Dopo un lungo dibattito, iniziato nel febbraio del 2016 e finalmente nell’autunno del 2017, l’amministrazione comunale di Livorno ha varato il proprio Regolamento sull’amministrazione condivisa dei beni comuni urbani, elaborato a partire dal prototipo fornito da Labsus e incentrato sul tema del welfare generativo.
Il testo normativo che ne è scaturito, se da un lato è un’ulteriore conferma della validità del modello di riferimento, dall’altro fornisce anche interessanti spunti di riflessione su alcune disposizioni che hanno invece carattere autonomo e originale. Già nella prima parte del regolamento, quella relativa alle definizioni e ai principi, emerge chiaramente come la discussione che si è animata nella città di Livorno nella fase embrionale di elaborazione dell’atto abbia dato i suoi frutti. Il quadro teorico che è alla base del regolamento è stata compreso e interiorizzato dai livornesi, tanto che l’amministrazione condivisa viene correttamente interpretata come la condivisione, su un piano paritario, di risorse e responsabilità (art. 2, c. 1, lett. a) per alcune ampie ipotesi di attività (art. 1, c. 1) concernenti la cura, la rigenerazione, il recupero, la manutenzione, l’abbellimento e la valorizzazione dei beni comuni urbani.
I cittadini attivi, singoli e associati
La personalizzazione del Regolamento ha, però, portato anche a scelte meno convincenti, come quella di puntare principalmente sull’attivismo civico dei soggetti costituiti in forme associative, anche di natura informale, che per vocazione sono già di fatto impegnati a favore della comunità. La definizione fornita dall’art. 2, c. 1, lett. d, si presenta molto ricca e include dalle associazione ai comitati, dalle fondazione alle cooperative, dalle realtà del Terzo Settore agli organi di partecipazione democratica, ma finisce per trattare l’ipotesi del cittadini attivo singolo – che può comunque svolgere attività di amministrazione condivisa – come sostanzialmente marginale e residuale.
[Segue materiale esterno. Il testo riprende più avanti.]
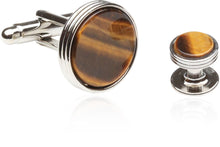 Load image into Gallery viewer, Tigers Eye Formal Set in Silver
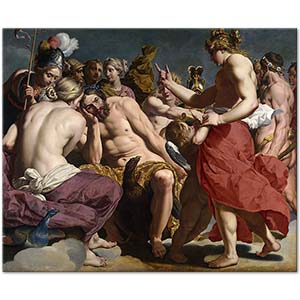 Abraham Janssens Jupiter Rebuked By Venus Art Print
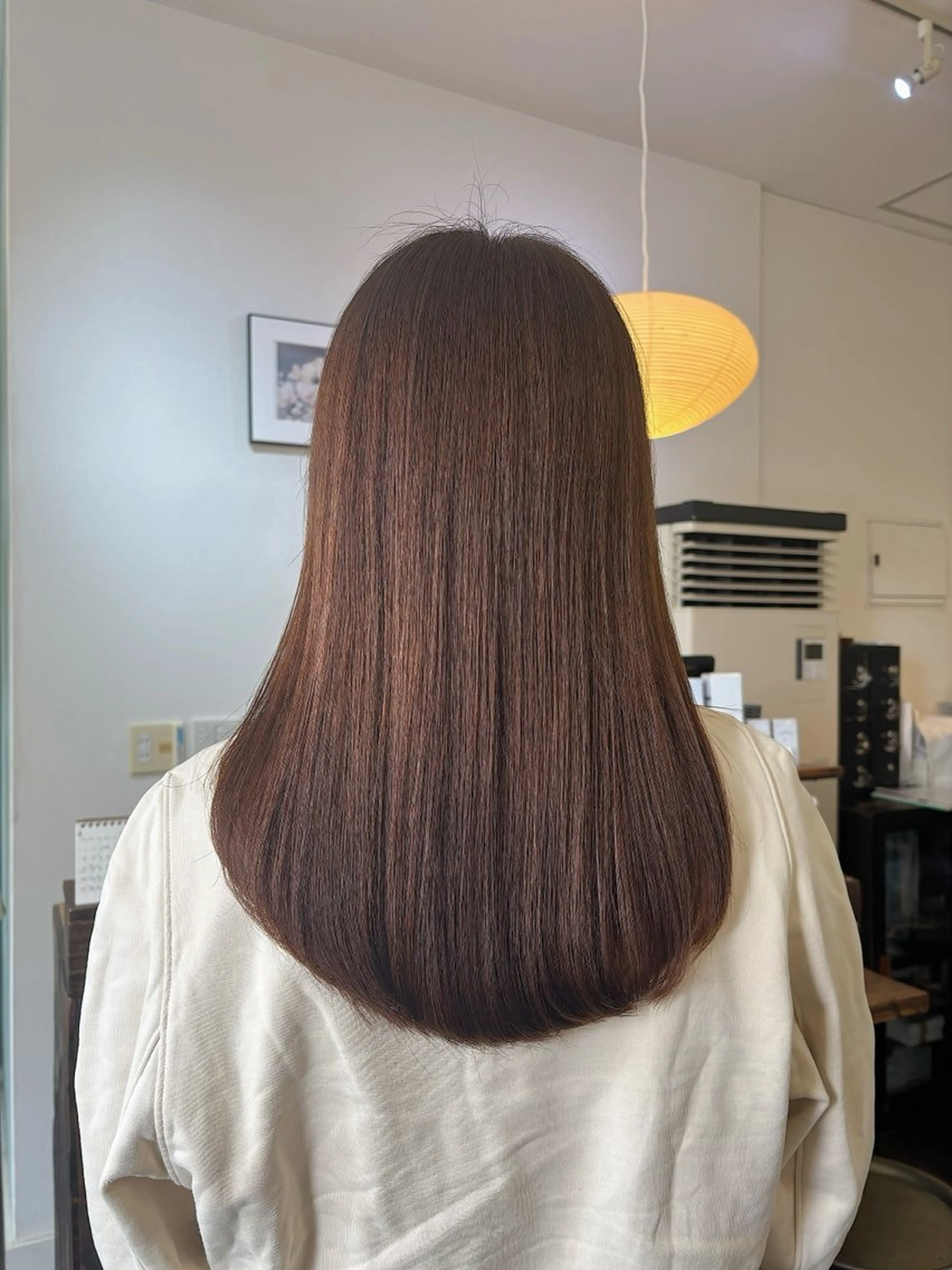 ロング 縮毛矯正 hair bulb所属・三國 栞音のヘアスタイル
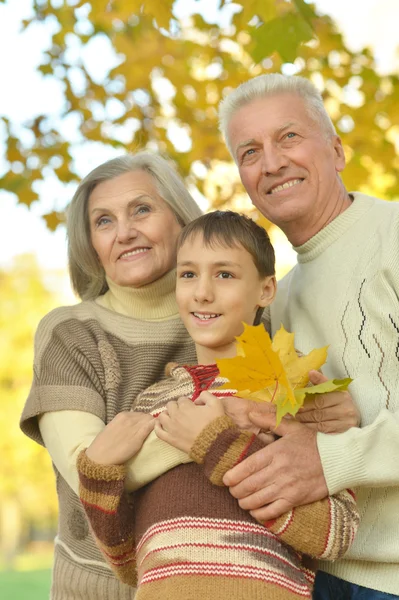 Nonni e nipoti — Foto Stock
Le ragioni potrebbero essere comprese solo in prima battuta, se legate – come si crede – alla necessità di garantire adeguata copertura assicurativa in osservanza del Testo unico sulla sicurezza sul lavoro (i cui oneri ricadono sul legale rappresentate dell’ente associativo, ex art. 4). Ma sono, in definitiva, poco giustificabili alla luce della recente e importante sentenza della Corte dei Conti intervenuta proprio nell’autunno del 2017, che sposa l’ipotesi di una copertura a carica dell’ente comunale.
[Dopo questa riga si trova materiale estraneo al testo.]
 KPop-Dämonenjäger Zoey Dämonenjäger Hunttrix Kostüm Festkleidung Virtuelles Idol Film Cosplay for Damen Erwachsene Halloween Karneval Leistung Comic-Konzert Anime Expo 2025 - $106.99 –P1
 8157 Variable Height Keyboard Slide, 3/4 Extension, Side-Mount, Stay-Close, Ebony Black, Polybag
Obiettivo: Welfare generativo
Questa tensione a favore delle forme associative risponde, tuttavia, anche ad un’altra chiara ambizione del Regolamento livornese. Quella di porsi a contrafforte delle istituzioni democratiche, della partecipazione alla vita comunitaria, del senso civico in un’ottica di responsabilità collettiva. Non a caso viene enfatizzata la natura paritetica del rapporto tra amministrazione comunale e cittadini attivi (art. 3) e un’enfasi inusuale viene posta sul ruolo degli interessi privati, di cui i cittadini attivi sono portatori (art. 5). Inoltre, da un lato si richiama l’importanza di garantire la sostenibilità economica degli interventi attuati nell’ambito del Regolamento sui beni comuni, dall’altro viene anche stabilito – a chiare lettere – la natura non lucrativa delle attività svolte. Quest’anelito all’auto-responsabilizzazione – o, se si preferisce, all’empowerment – della comunità si riverbera poi anche nelle disposizioni che avanzano le istanze di un welfare generativo, il quale sollecita i soggetti destinatari dei sistemi di welfare, a realizzare azioni a vantaggio della collettività, in un’ottica di valorizzazione e condivisione circolare delle risorse iniettate nella società. A ulteriore conferma che, come sempre sostenuto da Labsus, i beni comuni – materiali e immateriali – sono quelli che “se arricchiti arricchiscono tutti e se impoveriti impoveriscono tutti”, welfare incluso.